Dataset records
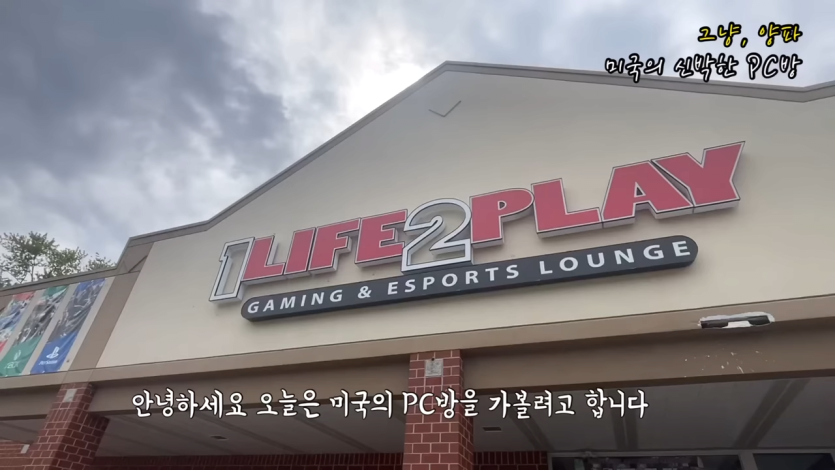 2cd91623d87122d7a39f56b59e56d204_1714012156_5625.png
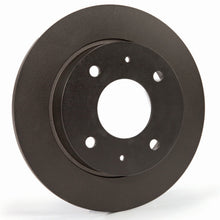 Load image into Gallery viewer, EBC 2016+ BMW X1 RK Series Premium Rear Rotors-Brake Rotors - OE-EBC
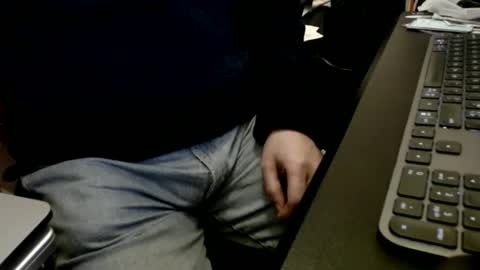 stargazer1069 online show from 22, 1, 2025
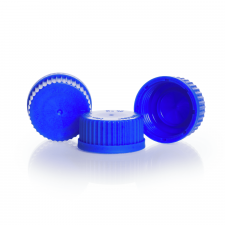 Крышка винтовая для бутылей GL 45 DURAN Германия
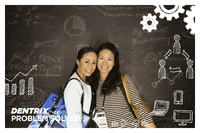 GIF by Dentrix Problem Solved Experience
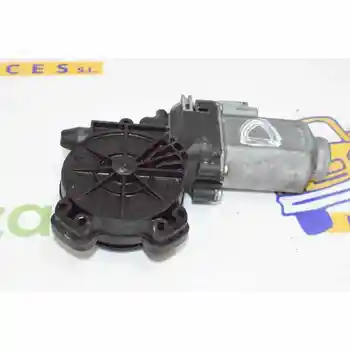 

400960A WINDOW MOTOR FRONT RIGHT CITROEN JUMPY
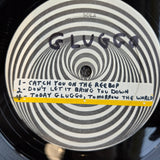 SPENCER DAVIS GROUP GLUGGO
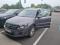 preview Volkswagen Tiguan #0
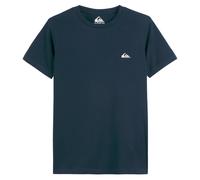 Quiksilver Basic - Maglietta da Ragazzo 8-16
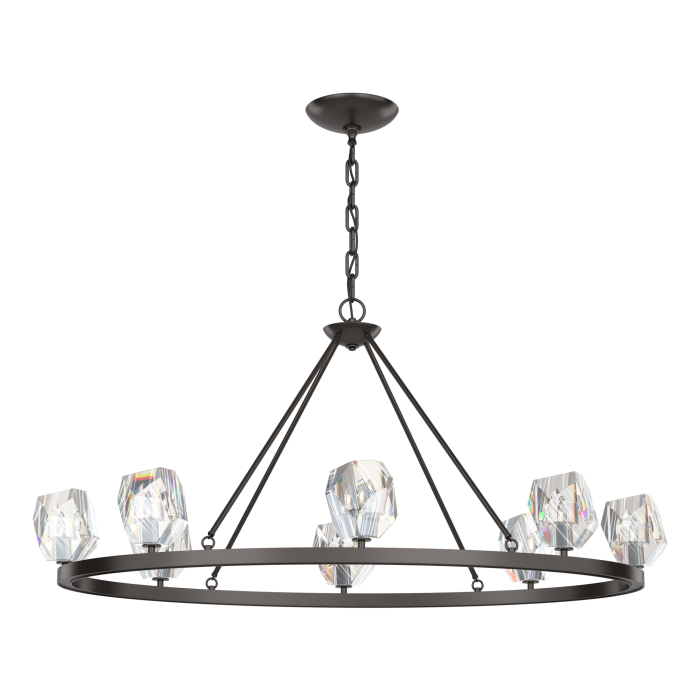 Hubbardton Forge 105021-SKT-14-CR_99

- _REQUIRED ACTION_: Repeat the data above exactly, leaving out any pictures it holds.

- _RESPONSE FOR THIS EXERCISE_:
 2cd91623d87122d7a39f56b59e56d204_1714012156_5625.png
 Load image into Gallery viewer, EBC 2016+ BMW X1 RK Series Premium Rear Rotors-Brake Rotors - OE-EBC
 stargazer1069 online show from 22, 1, 2025
 Крышка винтовая для бутылей GL 45 DURAN Германия
 GIF by Dentrix Problem Solved Experience

400960A WINDOW MOTOR FRONT RIGHT CITROEN JUMPY
 SPENCER DAVIS GROUP GLUGGO
 preview Volkswagen Tiguan #0
 Quiksilver Basic - Maglietta da Ragazzo 8-16
 Hubbardton Forge 105021-SKT-14-CR_99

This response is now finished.